Breaking News! - "Schoolroom" Found!!

I'm so jazzed, I can hardly stand it!

Over on my author web site (, I recently revamped my Stealth and Wealth contest. I think it's been up for only a little over a week. The contest features various stolen paintings with a matching game to their artist. Norman Rockwell's "Russian Schoolroom," one of the featured stolen paintings has JUST been found! You'll never guess who had the Rockwell that's been missing since 1973--the famous movie director, Steven Spielberg!!!

The Associated Press reports that Spielberg bought the painting in 1989 from a legitimate dealer. But last week one of his staff spotted the painting listed on the FBI's "most wanted" art page. The Hollywood director was notified, and he ordered the authorities to be called. An FBI agent and an art expert examined the painting and found it to be authentic.

The no-longer-missing Rockwell as valued at $700,000. Wow! That's a sizeable chunk of change, but the report says that Spielberg and his staff didn't flinch a second at reporting what they had. Big thumbs up for Mr. Spielberg.

There are oodles of more details about the theft, sightings and disappearances since it was taken over three decades ago, and now the recovery. I find the information fascinating. If you do, too, you can go to this web address and read more:

Hearing about stuff like this is pretty cool in itself, but to me it feels like a validation of the art theft aspects of my stories. FBI agents and civilian experts really do work together, and art really is recovered in the oddest ways.

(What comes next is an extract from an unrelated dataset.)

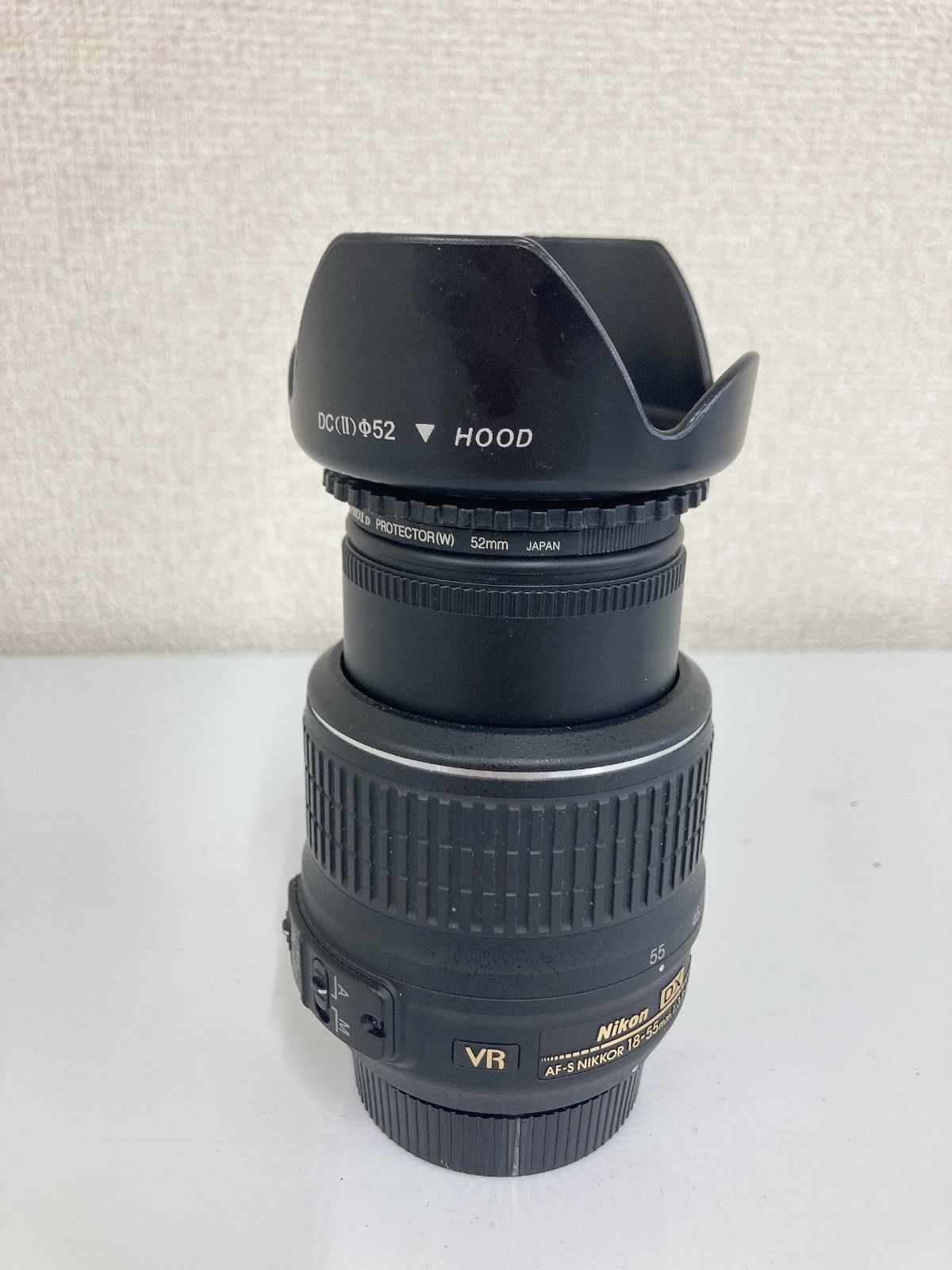 2【動作未確認】AF-S DX NIKKOR 18-55mm f/3.5-5.6G VR ケンコー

Okay, I need to quit hyperventilating and go watch a tivoed episode of Criminal Minds.


Sally Bradley said...

Okay, Jill, I'm curious. Who do they think stole it? And when was it stolen and from who?

Jill said...

Good questions, Sally. I found no information on who they think stole it. I don't think that's known. It was taken in 1973 in a smash and grab heist from the Clayton Art Gallery in suburban St. Louis. It must have passed through several hands in order to have been auctioned in 1989 to Spielberg through a legitimate dealership. This is fairly typical of the art theft world. Pieces disappear for decades and then are found in unlikely places. Spielberg may get to keep the painting since the Clayton Art Gallery is defunct, and he bought it legitimately.

Sally Bradley said...

Thanks, Jill. And I thought every heist was like something from the movies!